The participant’s perception that he is controlling his own hand is also enhanced, due to the artificial sensory feedback.
What is haptic feedback?
Haptic feedback is any technology that can be used to convey a sense of touch – like the vibration from a cell phone or video game controller.
How will the research benefit people suffering from spinal cord injuries?
A BCI can be used to restore significant function in individuals living with paralysis and sensory dysfunction following spinal cord injury. Our hope is that these findings further demonstrate the number of functions that can be restored in patients using this technology – not just movement but also the sense of touch.
The field of neurotechnology has a bright future, and we hope that these types of systems can be used in a home environment soon.
What further research needs to be carried out before this can be used in homes?
There are a number of challenges in creating a take-home version of a BCI system.

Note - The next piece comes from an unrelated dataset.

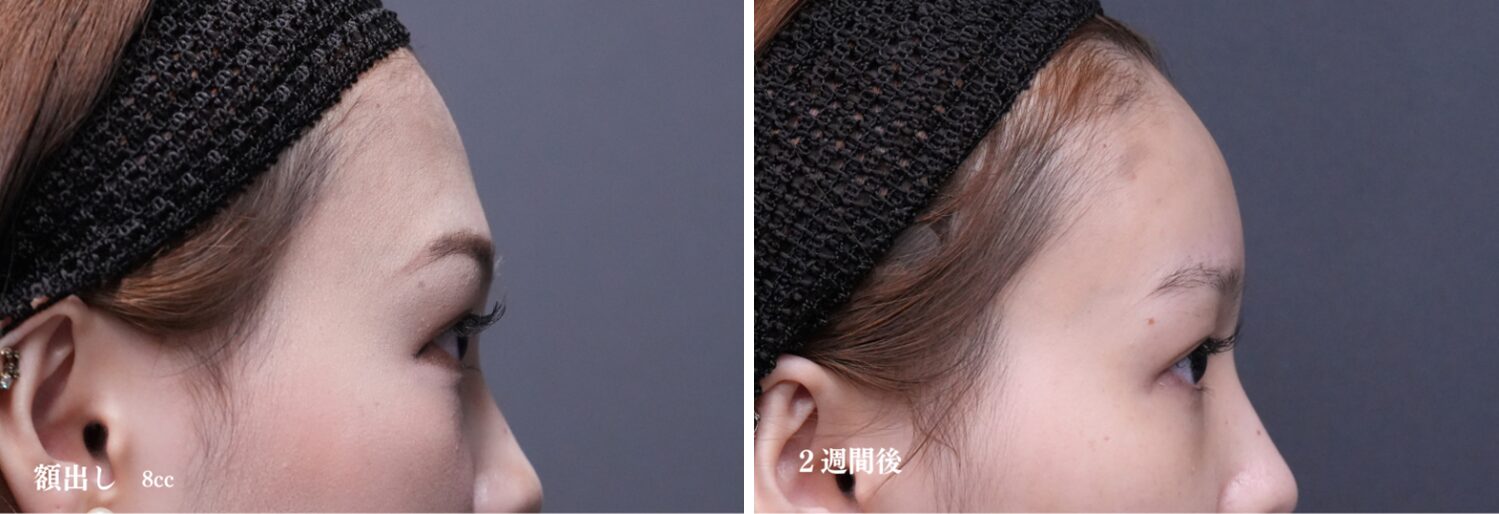 額だしヒアルロン酸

The NeuroLife group at Battelle is tackling many of these.
We have recently made the ‘muscle stimulation system’ miniaturized and portable. It is now a more aesthetically pleasing ‘sleeve’ that can be zipped up around the arm to enable hand movement.
Another exciting milestone we have accomplished recently is using a ‘computer tablet-controlled muscle stimulation system’ in the participant’s home. He has used this to perform a number of actions, importantly outside of the laboratory.
Many other challenges remain, such as ensuring device security, device safety, and device longevity.
What are the next steps in your research?
We are very excited about the future of neurotechnology broadly, and especially BCIs. Some of our upcoming goals are focused on further developing the system for use in the home and also applying the muscle stimulation technology to other impairments, such as paralysis following a stroke.
Where can readers find more information?
Read more about his research at Battelle here!
About Dr. Patrick Ganzer
Dr. Ganzer received his BS in Neuroscience from King’s College in 2008, completed his Ph.D. in Biomedical Engineering and Science from Drexel University in 2013, and finished his post-doctoral fellowship at the University of Texas at Dallas in 2017.
He is now a Principal Research Scientist at Battelle Memorial Institute, the world’s largest non-profit research organization located in Columbus, Ohio.
Dr. Ganzer works on several neurotechnologies at Battelle, including brain-computer interfaces and non-surgical neurotechnologies. He is currently the Principal Investigator for Battelle’s Bioelectronic Medicine program – a research and development initiative focusing on developing bioelectronic medicine therapies for treating disease.
His previous research at the University of Texas at Dallas utilized targeted vagus nerve stimulation to boost the effects of rehab and restore connections to paralyzed muscles in preclinical models of spinal cord injury, stroke, and peripheral nerve injury.
Dr. Ganzer’s work is now being translated to multiple clinical trial applications and has been enabled by over $4 million dollars in funding from agencies such as the Defense Advanced Research Projects Agency (DARPA), the Wing’s for Life Foundation, and the W.W. Caruth Jr. Foundation.
With his talented teammates, Patrick is developing new neurotechnologies and bioelectronic medicines to treat patients suffering from dysfunction and disease.